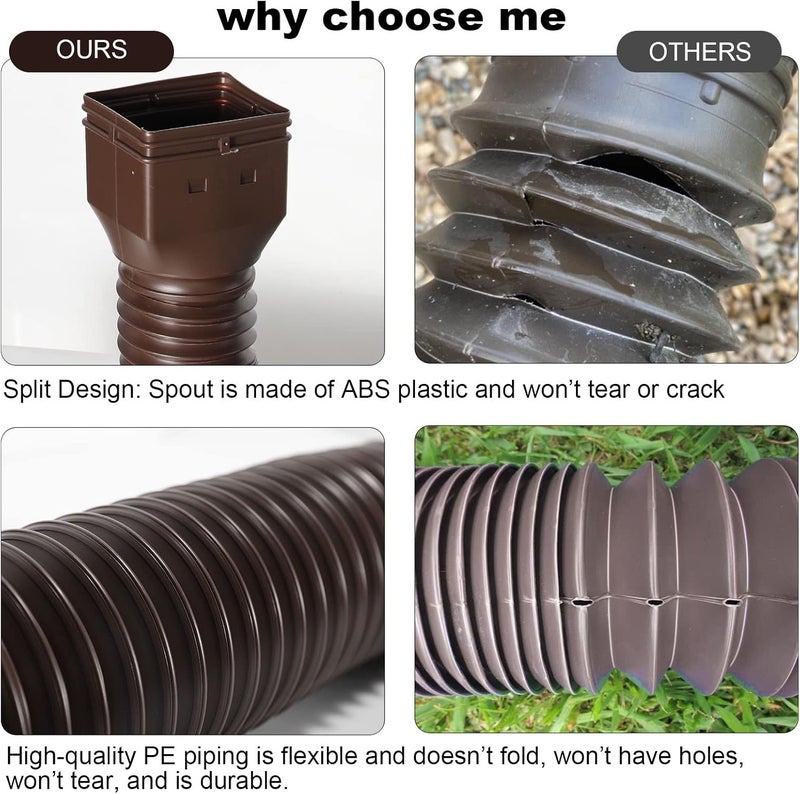 plusgutter Rain Gutter Downspout Extensions, Flexible Downspout Extender for Rain Water Drainage, Down Spout Drain Extension Extendable from 21 to 68 Inches(3 Pack, Brown) - Image 2
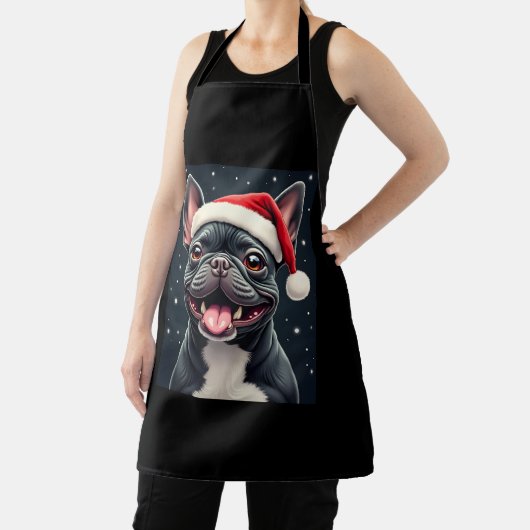 ブルドッグフランスのクリスマス長袖Tシャツ エプロン (インサイチュ)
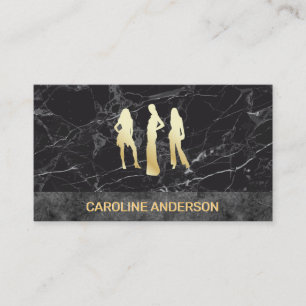 Golden Metallic Models   Black Marble Colour Block Business Card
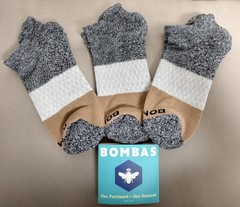 BOMBAS 3 Pairs Men’s Tri-Block Honeycomb Ankle Socks Classic Size Large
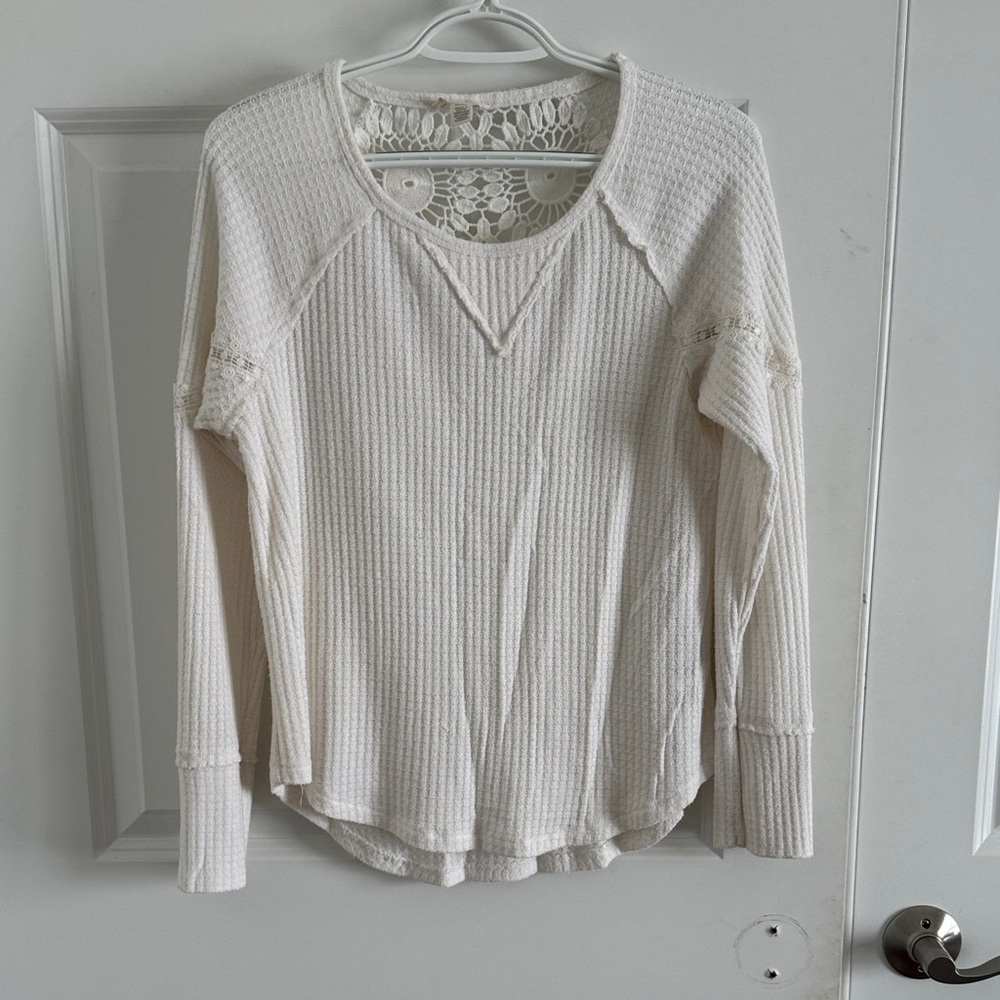 Cupio Cream Lace-Trimmed Waffle Knit Women's Top Size Smal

::::::::::

**What needs to be done**. Copy all the data exactly as written, but skip any picture.

**Solution for this task**.
 plusgutter Rain Gutter Downspout Extensions, Flexible Downspout Extender for Rain Water Drainage, Down Spout Drain Extension Extendable from 21 to 68 Inches(3 Pack, Brown) - Image 2
 ブルドッグフランスのクリスマス長袖Tシャツ エプロン (インサイチュ)
 Golden Metallic Models   Black Marble Colour Block Business Card
 BOMBAS 3 Pairs Men’s Tri-Block Honeycomb Ankle Socks Classic Size Large
 Cupio Cream Lace-Trimmed Waffle Knit Women's Top Size Smal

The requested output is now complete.